Verso il bianco : diario di viaggio sulle orme di Robert Walser / di Paolo Miorandi
Exòrma, 2022
Abstract: Nel primo pomeriggio del giorno di Natale del 1956, il corpo senza vita di Robert Walser fu trovato lungo un sentiero di montagna. La celebre fotografia in bianco e nero scattata da un anonimo poliziotto accorso sul posto, e riprodotta su ogni libro dedicato allo scrittore svizzero, lo ritrae disteso sulla neve, adagiato nel bianco. "Verso il bianco" è un pellegrinaggio nei luoghi walseriani, come lo definisce lo stesso autore, una sfida e uno scavo.
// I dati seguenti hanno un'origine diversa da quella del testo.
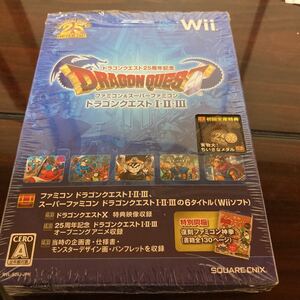 ドラゴンクエスト25周年記念 ファミコン&スーパーファミコン ドラゴンクエストI ほぼ新品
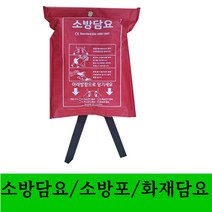 소방담요 소방포 화재담요 방화포 1.8 x 1.8m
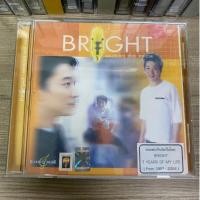 ราคา CD : BRIGHT เพลงสบายๆ สไตล์ POP LOVE. (17696641300)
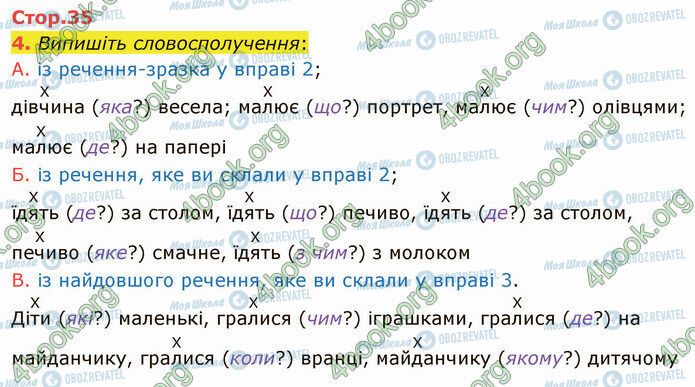 ГДЗ Українська мова 4 клас сторінка Стр.35 (4)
Paolo Miorandi procede, dal capitolo 7 (sette sono le orme di Walser nella neve) al capitolo 1, che è l’ultimo, viaggiando a ritroso in una delle più profonde ed eccentriche esperienze letterarie del Novecento. Robert Walser, introverso ironico e visionario, amato e ammirato da Kafka e Benjamin, da Musil e Herman Hesse, come da molti altri numi tutelari che hanno cercato di carpirne il segreto – Canetti, Sebald, Seelig – e considerato tra i massimi autori di lingua tedesca del secolo, rimane oggi tra i più invisibili. Ma Gianni Celati ci conforta: “Con l’epidemia di romanzi d’attualità che c’è in giro, e il conseguente crollo dell’intelligenza, Walser resta una specie di luce, un’energia che i media non hanno ancora divulgato e perciò svuotato”.